3.3 Incubation design and sampling
Incubation regeneration experiments were carried out in the subantarctic Southern Ocean south of Tasmania (IN2018_V02) in acid-cleaned 20 L LDPE cubitainers with Teflon-lined caps. Three regeneration experiments were conducted, with differences in incubation temperature and the particle collection depth (supplemental material). Each experiment consisted of two treatments, each in triplicate. Cubitainers were filled with filtered (0.2 µm) surface (~5 m) seawater collected using a trace metal-clean tow fish, and aliquots were collected for initial (T0) nutrients, [Cr] and δ53Cr before particle inoculation. Filled cubitainers were stored in the dark at 1° C until inoculating with particles (within 8 hours of filling). Ambient suspended particle samples from the oxic water column were collected onto acid-cleaned 1 µm polycarbonate filters using in-situ pumps (McLane). Particles were resuspended from these filters, forming a particle-rich slurry that was added to the individual cubitainers to result in particulate concentrations approximately 2-4 fold above natural levels.

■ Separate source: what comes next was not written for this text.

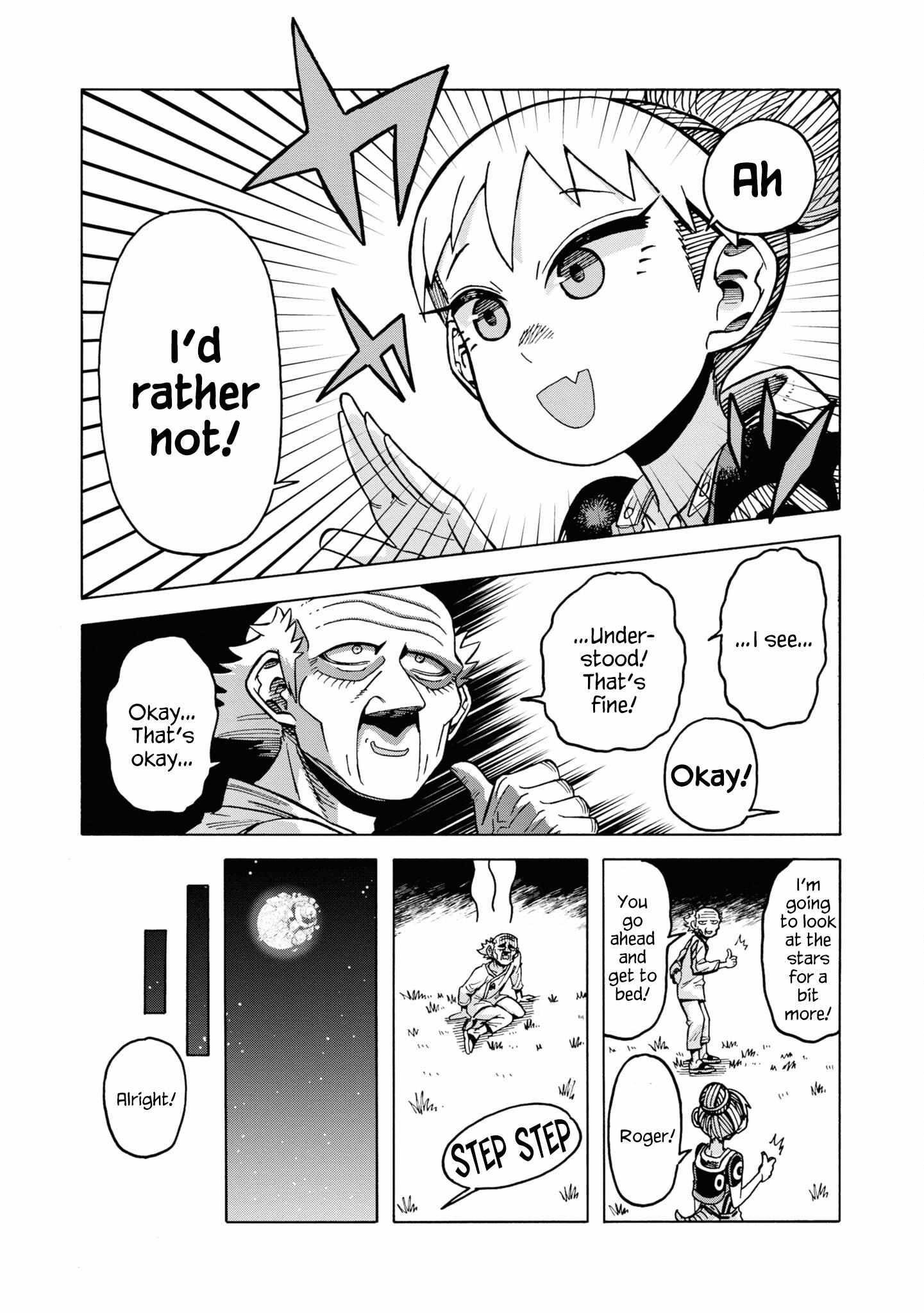 Another World’s Health Method With Two Months Left to Live Chapter 11 - Page 9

Because only resuspended particles were added to the incubaitons, the high Cr blanks associated with many filter materials (e.g. Scheiderich et al., 2015) will not impact the incubations.

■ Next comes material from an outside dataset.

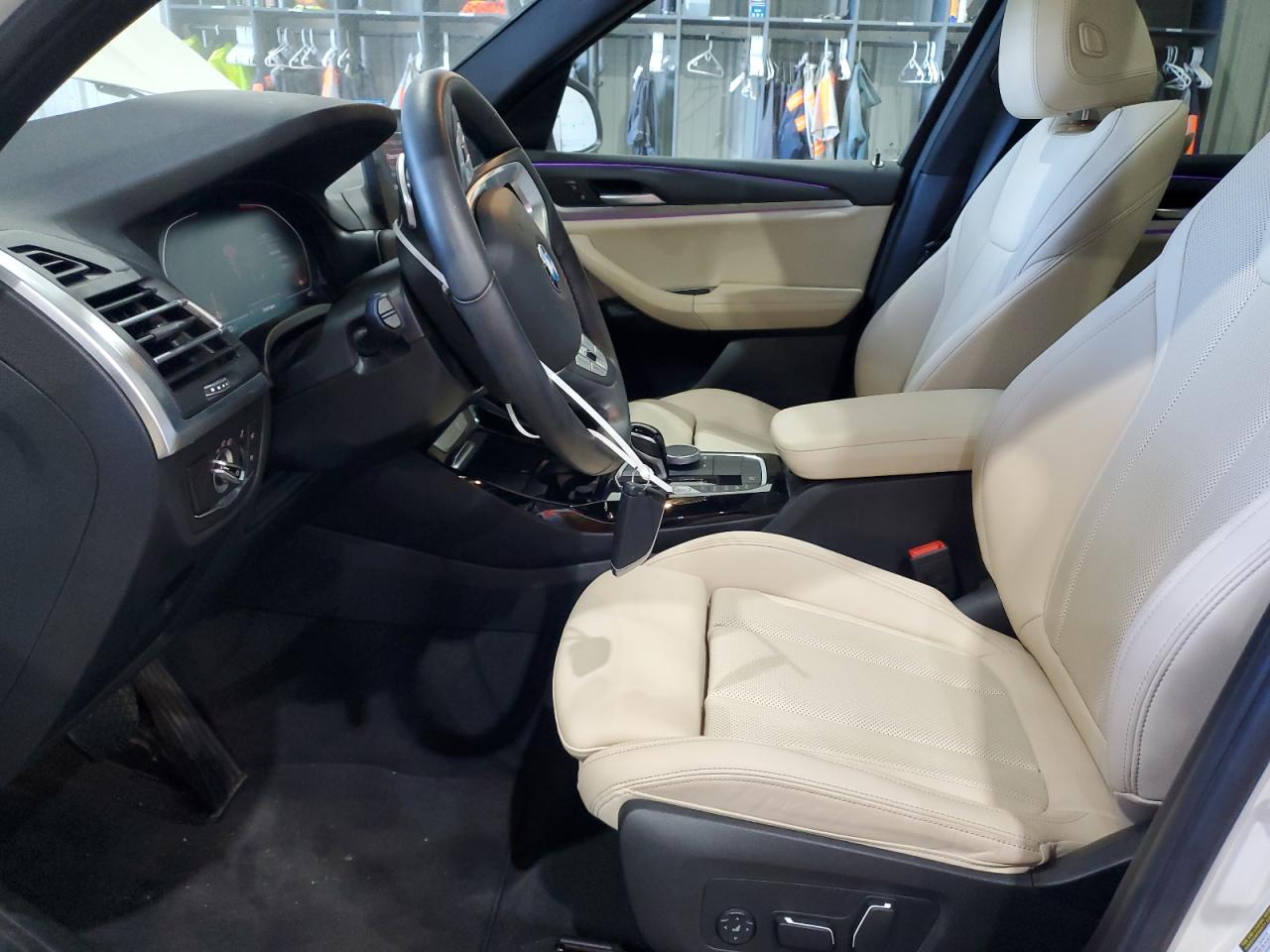 2024 BMW X3 xDrive30I VIN: 5UX53DP07R9U18475 Lot: 71956345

Particle-inoculated cubitainers were incubated in the dark at either 4° C (ambient) or 1° C (cold treatment) for five days, with three subsampling time points. For subsampling, the cubitainers were transported to a Class 100 clean van, gently mixed, and subsampled into acid-cleaned LDPE bottles (for trace metals) or polycarbonate tubes (for macronutrients). Subsamples for trace metals were transported to a laminar flow hood and filtered through acid-cleaned 0.4 µm polycarbonate filters using a Teflon vacuum filtration apparatus (Savillex). Loss of Cr to container walls has been shown to be minimal over short timeframes (e.g. Semeniuk et al., 2016) and was not considered here. Chemically-labile particulate metal and P concentrations were determined with magnetic-sector ICPMS following solubilisation with a heated mixture of reductant (hydroxylamine hydrochloride) and weak acid (acetic acid) designed to dissolve biogenic material and Mn and Fe oxides (Berger et al. 2008). Analytical procedures followed those previously described in Rauschenberg and Twining (2015).